2 - Falam em 2h de viagem. Considerando-se que a passagem do trem bala não será barata, pois a manutenção é caríssima, por que então abandonaríamos a ponte aérea? A opção Congonhas / Santos Dumont com meia hora de viagem e meia hora de espera no aeroporto ainda é bem melhor do que a alternativa Estação da Luz / Central do Brasil. A menos que o governo feche Congonhas em nome da sustentabilidade!

3 - O BNDES vai pagar a maior parte. Não tem como fugir disso. O investimento é pesadíssimo.

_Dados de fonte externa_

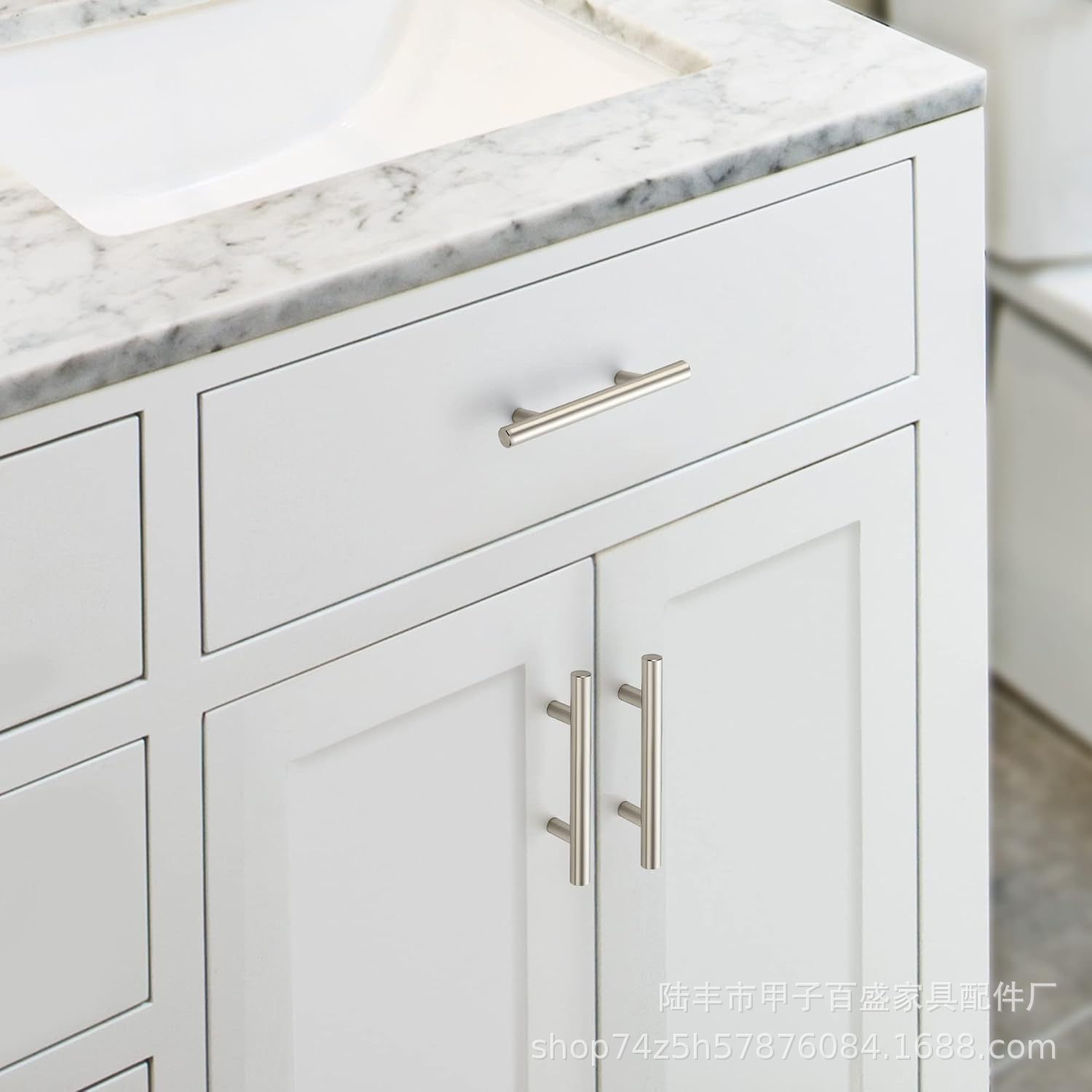 Stainless steel handles, cabinets, wardrobes, door handles, hollow handles, drawers, golden T-shaped single-hole small handles, T-shaped pic 12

Se vocês leram que a empresa que opera os trens franceses (SNCF) tem lucro, saibam que o investimento nas linhas férreas está em outra empresa (RFF), que possui dívidas monstruosas. A França sabe disso. Está consciente dos custos e dos benefícios de ter a maior malha ferroviária de alta-velocidade do mundo. A opção ferroviária é uma questão de Estado.
 

Foto: Saindo da Normandia, um passeio dominical em Lons-le-Saunier, cidade da Jura, região de Franche-Comté. O teatro mostrado na foto é uma das atrações da cidade natal de Rouget de Lisle, o autor da Marselhesa.

Monday, December 7, 2009

Home pit-stop 2

Depois do trágico acidente do vôo Rio-Paris, a Air France parece estar mais rigorosa com os aspectos de segurança. Em meio a tantas viagens, já enfrentei muitas horas de atrasos, conexões e malas perdidas. Entretanto, a experiência de um dia inteiro de atraso era nova para mim.

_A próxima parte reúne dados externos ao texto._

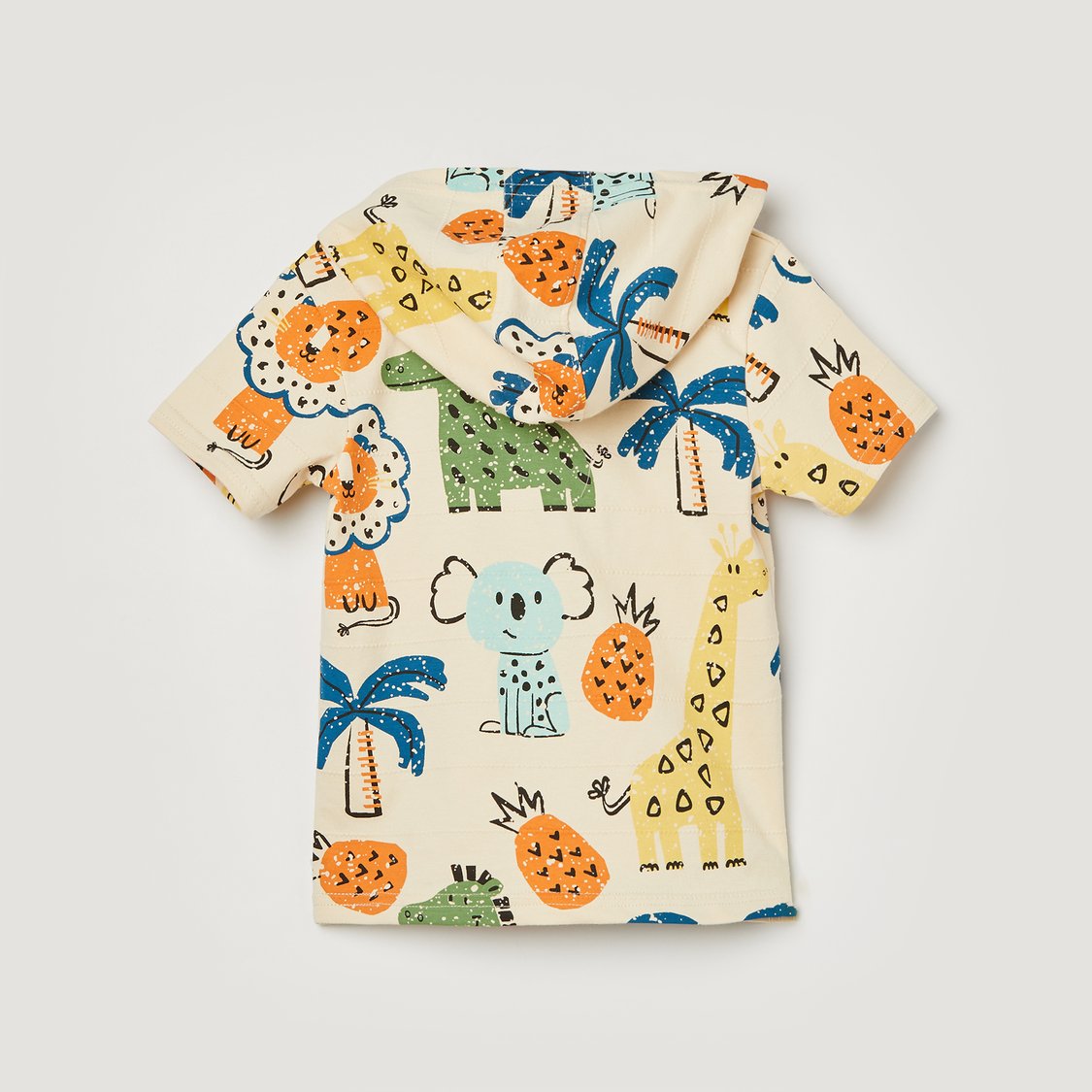 JUNIORS Printed Hooded T-shirt with Shorts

No vôo Paris-São Paulo, foi detectada uma pane no 777 quando sobrevoávamos Portugal. O piloto recebeu a instrução de voltar para Paris. A espera levou 24hs. Todos os demais vôos estavam lotados, não havia como redistribuir os passageiros.

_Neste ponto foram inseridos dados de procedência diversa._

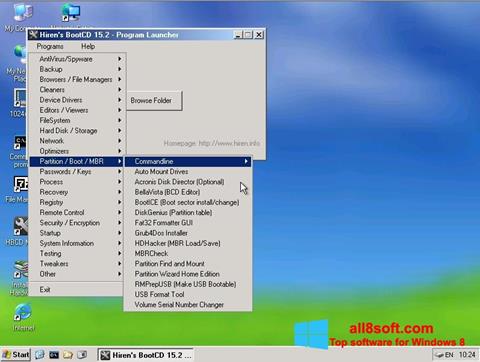 Képernyőkép Hirens Boot CD Windows 8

O atraso de um dia pode atrapalhar muita gente. A grande maioria dos viajantes reagiu com calma absoluta. A única exceção foi uma francesa que subiu no palanque e começou a discursar contra tudo e contra todos. Como eu sei que a AF tem uma frota muito bem mantida e esse tipo de evento tem acontecido com mais frequência, concluo que eles apertaram seus critérios de segurança. Como compensação, recebi um pacote generoso de milhas e a seguinte explicação da companhia:
 
"Uma falha em alguns visores da cabine de comando foi detectada durante o vôo, situação esta que levou o Comandante de Bordo, em conformidade com as regras de segurança em vigor, a retornar ao aeroporto de Charles-de-Gaulle a fim de que pudéssemos efetuar as verificações técnicas. Com efeito, sua segurança é nossa maior prioridade. Vimo-nos, desta forma, na necessidade de adiar a partida de seu vôo para o dia seguinte."

 
Foto: O castelo renascentista de Fontaine-Henry é um dos mais antigos e importantes da Normandia. A aparência atual é fruto da reconstrução do século XVI e alguns ajustes mais recentes. A família Tilly e seus descendentes ocupam a propriedade há cerca de mil anos!

Saturday, December 5, 2009

Home pit-stop 1

Depois de uma ausência de quase duas semanas, espero retomar meus posts com mais regularidade. O motivo da interrupção foi uma passagem por São Paulo. Em poucos dias na cidade, peguei mais congestionamentos do que o ano inteiro em Lyon.

Como visitante, tenho feito grande parte dos meus deslocamentos de táxi. Ainda bem, pois indo pela faixa de ônibus, consigo salvar algumas boas horas. A última sexta-feira de novembro foi inesquecível. Fiz uma viagem Faria Lima-Berrini (trecho de 3km) em 90 minutos. Não foi pior por que eu abandonei o táxi e continuei caminhando. Sexta-feira à tarde com chuva e show do AC/DC só poderia dar nisso. Saudades da França!


Foto: Outra tomada das belíssimas falésias de Etretat.